Many Chinese cities now allow riders of mass transit to use various rechargeable methods for paying bus, taxi, and subway fares. Riders boarding don't need to fish for small change from the  bottoms of their pockets. They can simply swipe a card across an electronic sensor, which causes the system to emit a loud beep. Students receiving subsidized fares when swiping their cards generate a different response: "xue sheng piao", which is the equivalent of student ticket or student fare. And up until recently riders of a certain age and above generated the response: "lao ren ka" elderly card, or perhaps, senior citizen card.
These were the three responses. Well, there is a response that means, more or less, "please try again" but I don't remember how it sounds. No more than two weeks ago, I started hearing a new response: "nin hao", which is the formal expression for hello used, if at all, by young people to address somebody senior or of higher rank. It sounds like "ning hao" to me, but that's another matter. It took me a few bumpy bus rides with my mind routinely wandering to realize that this new expression had replaced the previously standard "lao ren ka".

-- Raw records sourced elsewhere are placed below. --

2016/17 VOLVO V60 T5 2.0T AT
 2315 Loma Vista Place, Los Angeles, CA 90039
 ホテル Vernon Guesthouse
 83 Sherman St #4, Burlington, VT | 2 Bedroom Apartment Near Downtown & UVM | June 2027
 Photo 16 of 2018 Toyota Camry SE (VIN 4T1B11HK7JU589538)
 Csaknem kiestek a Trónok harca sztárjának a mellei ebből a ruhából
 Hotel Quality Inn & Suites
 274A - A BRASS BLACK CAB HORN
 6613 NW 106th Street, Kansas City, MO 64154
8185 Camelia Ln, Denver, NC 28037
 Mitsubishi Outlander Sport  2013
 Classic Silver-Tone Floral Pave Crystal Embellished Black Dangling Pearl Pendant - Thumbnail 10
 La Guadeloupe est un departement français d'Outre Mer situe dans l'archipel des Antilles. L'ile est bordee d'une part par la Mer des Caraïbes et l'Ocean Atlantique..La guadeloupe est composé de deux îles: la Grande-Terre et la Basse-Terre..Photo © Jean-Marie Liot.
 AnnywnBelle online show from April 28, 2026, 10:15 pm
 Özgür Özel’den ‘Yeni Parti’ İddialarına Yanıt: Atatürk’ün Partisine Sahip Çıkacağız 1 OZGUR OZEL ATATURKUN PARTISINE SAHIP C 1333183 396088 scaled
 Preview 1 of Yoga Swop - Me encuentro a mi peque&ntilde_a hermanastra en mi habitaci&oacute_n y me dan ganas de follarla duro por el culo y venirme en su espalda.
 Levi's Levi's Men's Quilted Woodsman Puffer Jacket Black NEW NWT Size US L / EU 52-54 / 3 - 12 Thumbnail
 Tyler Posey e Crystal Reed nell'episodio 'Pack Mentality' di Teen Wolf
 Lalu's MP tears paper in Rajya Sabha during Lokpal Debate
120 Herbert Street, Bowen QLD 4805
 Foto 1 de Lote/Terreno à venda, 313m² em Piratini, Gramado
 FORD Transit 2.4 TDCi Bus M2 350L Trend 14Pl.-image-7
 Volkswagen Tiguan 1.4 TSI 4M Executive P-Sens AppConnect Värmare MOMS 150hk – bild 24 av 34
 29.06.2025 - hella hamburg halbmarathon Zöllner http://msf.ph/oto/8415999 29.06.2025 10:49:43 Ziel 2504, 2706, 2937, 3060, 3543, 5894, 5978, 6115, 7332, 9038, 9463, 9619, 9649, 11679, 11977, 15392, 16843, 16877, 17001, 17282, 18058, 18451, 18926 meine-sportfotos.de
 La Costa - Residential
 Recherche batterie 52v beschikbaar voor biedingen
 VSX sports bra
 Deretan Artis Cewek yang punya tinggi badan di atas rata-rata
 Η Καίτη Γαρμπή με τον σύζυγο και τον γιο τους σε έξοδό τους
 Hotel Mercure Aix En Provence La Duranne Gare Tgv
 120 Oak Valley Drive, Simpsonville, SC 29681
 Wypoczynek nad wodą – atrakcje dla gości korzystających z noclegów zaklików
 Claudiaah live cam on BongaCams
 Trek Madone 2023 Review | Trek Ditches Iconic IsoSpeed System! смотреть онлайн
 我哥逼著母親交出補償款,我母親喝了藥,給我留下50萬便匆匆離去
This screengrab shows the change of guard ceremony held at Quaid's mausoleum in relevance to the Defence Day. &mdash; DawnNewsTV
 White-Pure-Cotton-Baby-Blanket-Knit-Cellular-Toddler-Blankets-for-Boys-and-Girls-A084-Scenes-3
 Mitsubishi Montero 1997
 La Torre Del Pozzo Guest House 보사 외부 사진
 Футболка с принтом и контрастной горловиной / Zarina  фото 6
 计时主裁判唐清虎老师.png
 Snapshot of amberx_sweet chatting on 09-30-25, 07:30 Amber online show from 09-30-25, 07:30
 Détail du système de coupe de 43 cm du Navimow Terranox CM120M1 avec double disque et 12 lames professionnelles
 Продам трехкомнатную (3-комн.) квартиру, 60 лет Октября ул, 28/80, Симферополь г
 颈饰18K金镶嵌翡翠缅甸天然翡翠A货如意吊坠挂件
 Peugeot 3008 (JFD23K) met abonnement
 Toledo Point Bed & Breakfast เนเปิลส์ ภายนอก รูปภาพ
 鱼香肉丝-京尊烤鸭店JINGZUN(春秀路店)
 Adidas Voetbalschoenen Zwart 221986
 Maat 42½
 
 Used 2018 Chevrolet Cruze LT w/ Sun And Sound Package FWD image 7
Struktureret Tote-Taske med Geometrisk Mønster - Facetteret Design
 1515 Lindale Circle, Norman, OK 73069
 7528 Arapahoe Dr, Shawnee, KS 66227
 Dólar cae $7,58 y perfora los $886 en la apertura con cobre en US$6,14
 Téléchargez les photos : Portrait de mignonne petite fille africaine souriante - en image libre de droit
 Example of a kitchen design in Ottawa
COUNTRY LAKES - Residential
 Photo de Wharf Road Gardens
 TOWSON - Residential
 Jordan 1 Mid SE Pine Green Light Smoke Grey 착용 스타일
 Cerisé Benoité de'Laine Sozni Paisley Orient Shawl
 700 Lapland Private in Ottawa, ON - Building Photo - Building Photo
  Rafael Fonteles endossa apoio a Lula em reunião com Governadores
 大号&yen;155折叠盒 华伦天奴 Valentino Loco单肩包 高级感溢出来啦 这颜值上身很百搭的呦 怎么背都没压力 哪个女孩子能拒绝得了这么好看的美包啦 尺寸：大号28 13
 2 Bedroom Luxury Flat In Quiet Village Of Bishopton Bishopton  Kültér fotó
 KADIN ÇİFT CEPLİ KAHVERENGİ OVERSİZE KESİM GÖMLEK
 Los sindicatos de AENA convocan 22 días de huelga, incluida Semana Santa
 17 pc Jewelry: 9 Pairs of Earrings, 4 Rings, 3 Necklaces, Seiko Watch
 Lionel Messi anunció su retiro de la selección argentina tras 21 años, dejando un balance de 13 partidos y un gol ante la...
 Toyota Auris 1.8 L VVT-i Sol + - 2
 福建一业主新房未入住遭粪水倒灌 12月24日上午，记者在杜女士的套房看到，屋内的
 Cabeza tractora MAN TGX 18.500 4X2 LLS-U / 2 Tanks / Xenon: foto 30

I don't know what to make of this development and I've heard nobody comment on it. My first impulse is to suspect that a cohort of the more mature members of society did not enjoy being regularly reminded of their dates of birth relative to the other riders. I know none of them ever complain about the free fares. Is it possible that ageism has become a sensitive topic in the PRC? Is being 'lao' no longer the same as being revered? I don't know what to make of this, but I wish they would stop calling me lao wai and pointing whenever I get on the same bus. A simple ni hao would be readily appreciated.